In het kantoor van de šinteraj is de dierenarts gearriveerd. Een grijze zestiger. Ooit was hij veearts. Tijdens het interview houdt hij zijn handen gevouwen voor zijn buik en bij opmerkingen van collega’s knikt hij vriendelijk. Hij communiceert voornamelijk non-verbaal, blijft op de vlakte. Die dierenarts weet: šinters hebben een ronduit slecht imago, zeker onder westerlingen. Activisten over de hele wereld speuren dierenleed op via YouTube en Facebook. Voor hen is de šinter de Satan. Filmpjes circuleren met daaronder woedende comments. In het tijdperk van mondialisering en internet is zulke morele verontwaardiging, zulke woede die snel escaleert richting doodswensen, snel gemobiliseerd. Een Amerikaanse soldaat die voor een camera een puppy in een ravijn in Afghanistan gooide, ontving honderdduizenden doodsbedreigingen. In Nederland kreeg de kunstenaar Tinkebell, die een tas maakte van haar kat, zo veel hatemail dat ze er een dik boek over kon maken.

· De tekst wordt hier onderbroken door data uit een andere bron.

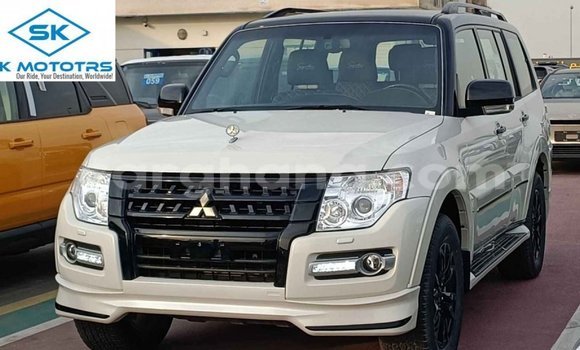 Sayi Imported Mitsubishi Pajero White Mota in Import - Dubai a Ashanti Sayi Imported Mitsubishi Pajero White Mota in Import - Dubai a Ashanti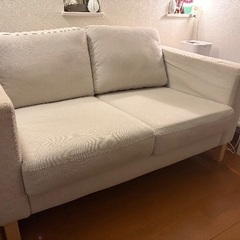 IKEA 2人がけソファ　ベージュの画像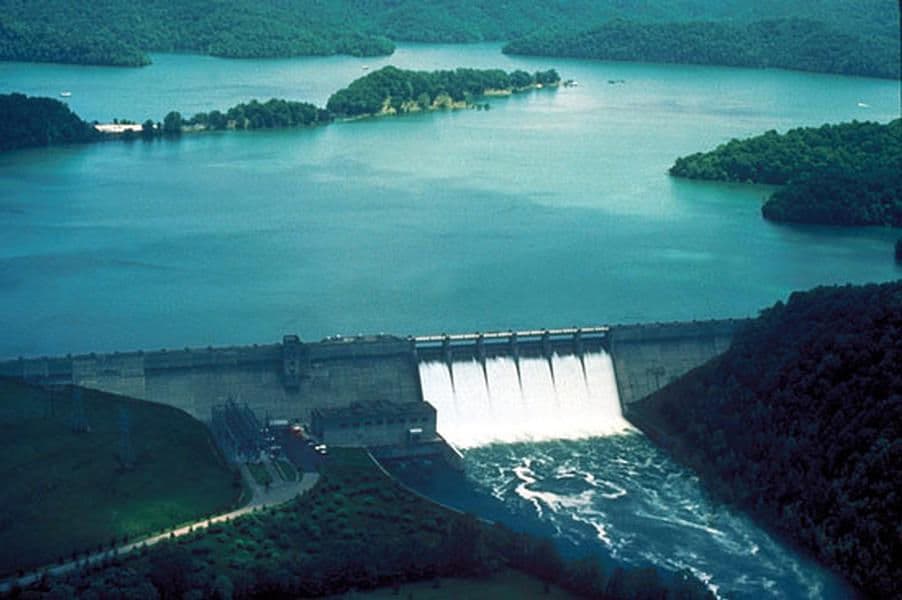 The dam that forms Dale Hollow Lake is a sight to see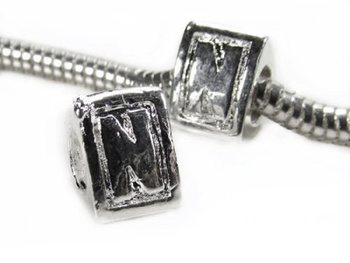 Przekładka ozdobna, modułowa / posrebrzana / literka N / 10x10x7mm / otwór 5mm / 1szt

Ook voor de komst van internet ging het al zo. Toen de Amerikaanse president Lyndon B. Johnson voor de camera zijn beagle aan de oren had opgetild, was de golf van kritiek zo overweldigend dat hij zich op de nationale televisie moest verontschuldigen. Het Witte Huis zou zelfs meer boze brieven hebben gekregen over die aan de oren omhooggetilde beagle dan over de oorlog in Vietnam.

Die online filmpjes zijn echt, veel Servische šinters gaan ruw te werk. Ze doen de honden stroppen om. De dieren janken het uit. Er vloeit bloed. Tijdens hun werk moeten de hondenvangers rekening houden met heftige confrontaties, niet alleen met de loslopende honden, maar ook met mensen. Ik vraag Dejan of dit werk, het vangen van straathonden, hem voldoening geeft. ‘De hond is beste vriend van de mens,’ antwoordt hij, ‘dus als je mij vraagt of dit leuk werk is, dan zeg ik: ik werk graag met mijn beste vrienden’. Hij steekt een sigaret op: ‘Het probleem is niet zo groot als het lijkt. Ik denk dat als je kijkt naar – pak ’m beet – duizend van onze straathonden, dan zijn er denk ik maar zeven of acht echt agressief en gevaarlijk.’ Hij blaast de rook uit, kijkt ernaar, en vult dan aan: ‘Net zoals bij mensen, eigenlijk.’


NOOT

1 Origineel: […] Virág voltam, gyökér lettem, / súlyos, sötét föld felettem, / sorsom elvégeztetett, / fűrész sír fejem felett.’ De in dit essay geciteerde dichtregels van Miklós Radnóti zijn vertaald door Arjaan van Nimwegen en Orsolya Réthelyi.